Tolkien Irkçı Mıydı? Kendi Kaleminden Cevaplar

TAKİP ET

Tolkien, oğluna yazdığı mektupta hem faşizme, hem woke çılgınlığına karşı estetik ve rasyonel bir mevzinin siperlerini kazıyor.

Dünyayı, hiç değilse kültür sanat ve gösteri alemini ele geçiren Woke çılgınlığının Tolkien’in ölümsüz Legendarium’unu mahvedip, çarpıtıp saptırarak yayına koyduğu Güç Yüzükleri dizisine tepkiler devam ediyor. Yalnız Tolkien’in ruhu ve tarzına uyumsuzlukla değil, kötü oyunculuk ve çok kötü senaryo nedeniyle de eleştirilen dizi, Woke melunlarının hep yaptığı gibi, ideolojik mevzilerin arkasına saklanılarak savunuluyor. Tolkien’in ırkçı olduğu, “çoğulculuk” şartlarına uymadığı, eski kafalı, kadın düşmanı vb. olduğu zırvaları, Batı basınında kendisine yeniden yer bulmaya başladı. 

Kendi Satırlarından: J.R.R. Tolkien Irkçı mıydı?

TamgaTürk olarak büyük “Cermenolog” Tolkien’in faşizme, modern-endüstriyel çağ ideolojilerine ve onun yarattığı tahribata bakışını çok güzel özetleyen bir mektubunu yayımlıyoruz. Mektubu kaleme aldığında Tolkien İngiliz Donanması’na yönetmelik yazmakla meşguldü ve oğlu Michael Tolkien askere alınmış, Almanlarla savaşmaya hazırlanıyordu. Tolkien mektubunda faşist ideolojilerin folklorun, mitolojinin, hülasa kültürün güzelliklerini nasıl mahvettiğini kendine has üslubuyla anlatıyor.
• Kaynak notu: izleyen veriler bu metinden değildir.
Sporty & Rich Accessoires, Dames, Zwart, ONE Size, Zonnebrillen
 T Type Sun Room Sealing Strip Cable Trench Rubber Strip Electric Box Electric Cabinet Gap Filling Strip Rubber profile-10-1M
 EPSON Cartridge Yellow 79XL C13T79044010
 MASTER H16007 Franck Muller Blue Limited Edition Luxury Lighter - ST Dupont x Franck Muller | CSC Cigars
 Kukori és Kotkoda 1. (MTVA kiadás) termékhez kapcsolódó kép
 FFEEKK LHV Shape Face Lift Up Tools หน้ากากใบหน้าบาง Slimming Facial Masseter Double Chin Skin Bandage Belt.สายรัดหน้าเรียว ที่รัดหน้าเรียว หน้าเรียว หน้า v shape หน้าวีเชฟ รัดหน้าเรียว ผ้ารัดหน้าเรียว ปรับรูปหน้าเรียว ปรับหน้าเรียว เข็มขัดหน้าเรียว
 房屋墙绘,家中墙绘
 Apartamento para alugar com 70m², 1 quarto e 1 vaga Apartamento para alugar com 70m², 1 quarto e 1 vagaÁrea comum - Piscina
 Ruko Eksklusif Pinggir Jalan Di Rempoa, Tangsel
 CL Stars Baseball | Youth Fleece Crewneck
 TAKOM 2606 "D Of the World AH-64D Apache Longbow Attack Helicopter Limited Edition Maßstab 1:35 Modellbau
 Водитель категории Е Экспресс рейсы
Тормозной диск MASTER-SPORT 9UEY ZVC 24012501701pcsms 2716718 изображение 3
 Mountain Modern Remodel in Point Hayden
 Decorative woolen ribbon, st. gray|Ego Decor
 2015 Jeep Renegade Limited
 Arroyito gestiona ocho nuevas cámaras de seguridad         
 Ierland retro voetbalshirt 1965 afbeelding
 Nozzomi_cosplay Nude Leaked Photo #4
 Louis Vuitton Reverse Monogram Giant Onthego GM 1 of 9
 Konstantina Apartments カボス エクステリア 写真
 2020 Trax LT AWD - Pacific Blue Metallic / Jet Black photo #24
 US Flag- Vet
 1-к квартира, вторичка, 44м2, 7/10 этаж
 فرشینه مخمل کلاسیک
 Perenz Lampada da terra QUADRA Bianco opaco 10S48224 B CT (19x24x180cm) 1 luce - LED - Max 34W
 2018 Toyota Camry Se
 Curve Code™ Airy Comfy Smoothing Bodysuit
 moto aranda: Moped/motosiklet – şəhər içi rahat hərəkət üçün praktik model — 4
Yaşayıp yeni bir faşizmin çoğulculuk, eşitlik, dezavantajlının yanında olmak gibi kisvelerle insanlara nasıl dayatıldığını ve cennette tamamlamaya koyulduğu eserini nasıl yozlaştırdığını görmediği için Tolkienseverler olarak memnunuz. 

Oğlu Michael Tolkien'e Yazdığı Mektup

9 Haziran 1941

Sevgili Michael,

Senden haber almaktan çok mutlu oldum. Bugün daha önce yazacaktım fakat annen mektubunu ben şöyle bir göz atmaktan fazlasını yapıp okuyana kadar Birmingham’a götürmüştü bile. Korkarım mektup yazarı olarak pek kötü görüneceğim: Fakat gerçekten kalemden tiksinmeye başladım. Dersler Perşembe bitti ve a) biraz dinlenirim, b) gelecek Perşembe Katolik Yortusu’nda sınavlar başlamadan önce bahçeye biraz çekidüzen veririm diye ümit ediyordum. Fakat bu dinmeyen yağmur dışarıda iş yapmama ve fazladan çıkan epey iş birazcık dinlenebilmeme engel oldu. Şimdi hükumet yetkililerini anlıyorum! Son günlerde zamanımın çoğunu kurallar ve tüzükler tasarlayarak ve baskıya verir vermez bir sürü yasal boşluk içerdiğini fark ederek geçirdim, üstelik sonunda hedefleri ve amaçları anlamaya bile çalışmayan ve işi kendisi yapmamış bütün o insanlar tarafından lanetlendim ve eleştirildim. 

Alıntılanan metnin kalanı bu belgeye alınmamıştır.